The specific character of rifles Dimick promised to get is difficult to assess, conforming as they must to a long discarded sample rifle once in Colonel Birge's care. By April 27, 1862, Dimick had delivered 472 sporting rifles at $25 each; the account was paid May 20. But, considering the irregularities in getting funds out to Fremont, and the fact that Dimick had 150 guns actually on hand in September, it is no libel to suppose he had acutally delivered at least the 150 by the end of September. We believe these arms included para-military target rifles of the prong butt style affected by the German-Swiss schuetzen clubs of the middle west in the 1850s. Often they were fitted for bayonet - socket, clasp, or sword - to conform to a special shooting match for military target work. Some of these special rifles, adapted for fighting, and for accurate shooting, were what Dimick obtained.
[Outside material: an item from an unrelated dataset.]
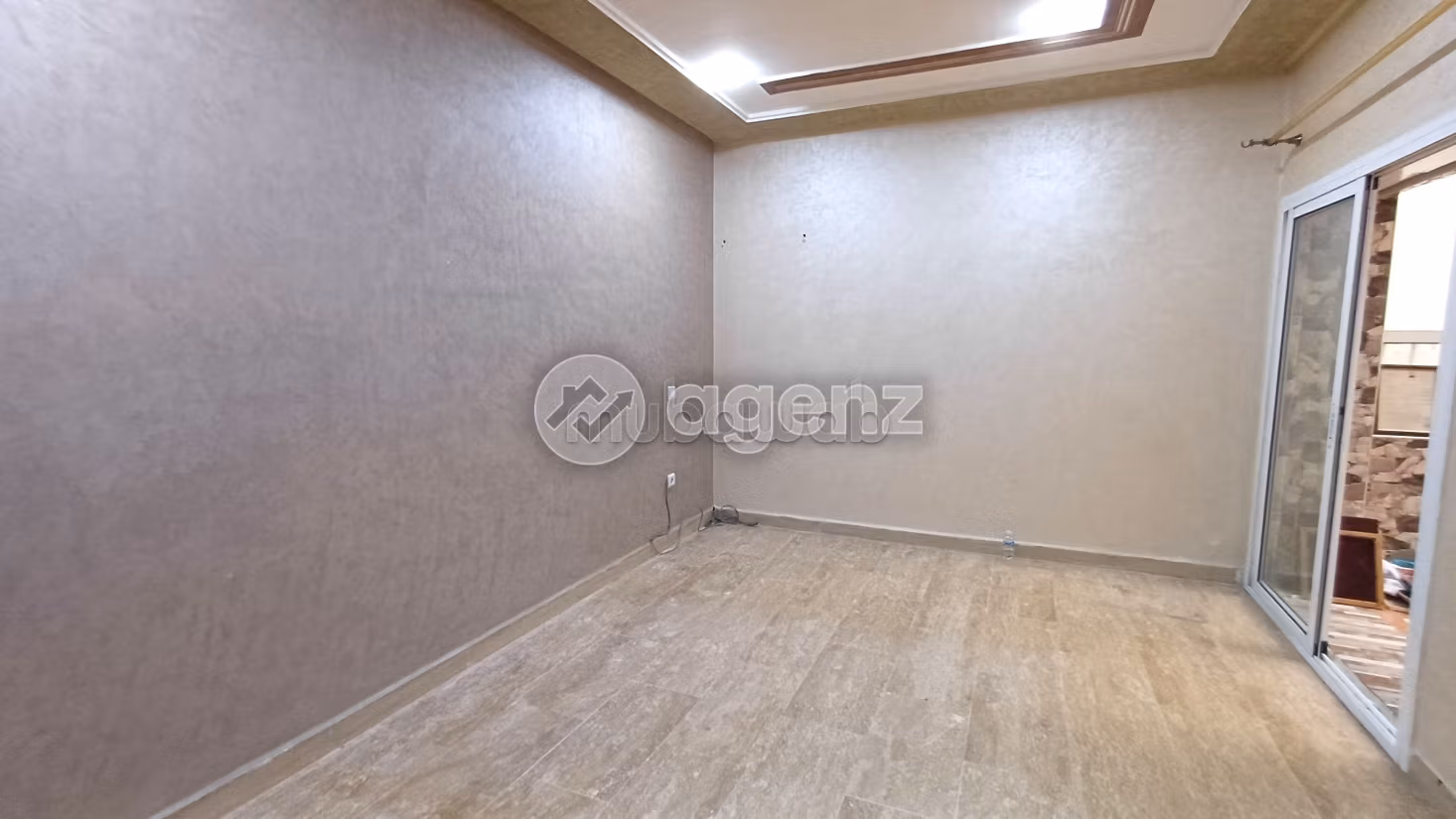 Se vende piso en Benkirane. Superficie 138 m². Bodega, gran terraza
When Birge's Sharpshooters were disbanded and translated into the 67th Regiment Illinois Volunteers, a colorful corps of men vanished from history. Their patron, General Fremont, nearly did, too. Yet his faults in the armaments race were three:
He equipped his men with 5,000 new breech-loading .58 caliber carbines when there were none to be had at any price.
He established a training cadre that in six weeks turned plow jockeys into tiger-mad swordsmen willing to follow a crazy, but valiant little Hungarian saddle tramp into the gates of Hell.
He set up up a corps of trained, expert woodsmen, dressed in forest green and wielding bayoneted target rifles With these errors, the record of Fremont in the West was ended." - William B. Edwards

"Record clearly reveal the government purchased 2,707 'COMMON SPORTSMAN RIFLES' 1861-1862; likely more. Well known St. Louis maker Horace Dimick received a contract from General J.C. Fremont for 1,000 percussion sporting rifles to arm the 14th Missiouri ('Birge's Sharpshooter', later the 66th Ill. Inf.). All acquired some from other makers/dealers. Existing photographs reveal guns as half-stock rifles varying in features (double and single wedge forends; back action and bar locks, with and without patchbox, etc.) Early correspondence mentioned saber type bayonets, but likely only a few so-fitted. Known to have been serial numbered (likely on face of muzzle) and issued with bullet mold (likely numbered to match.) Caliber .48 to .55. (Note: Colorado Territory also purchased 'sporting rifles' to arm their 1st Reg't of Volunteers, Sept. 1861.)" - Flayderman

Edwards, William B. CIVIL WAR GUNS. Castle. Secaucus, N.J. 1982.
Gardner, Colonel Robert E. SMALL ARMS MAKERS. Crown Publishers, Inc. N.Y., N.Y. 1963.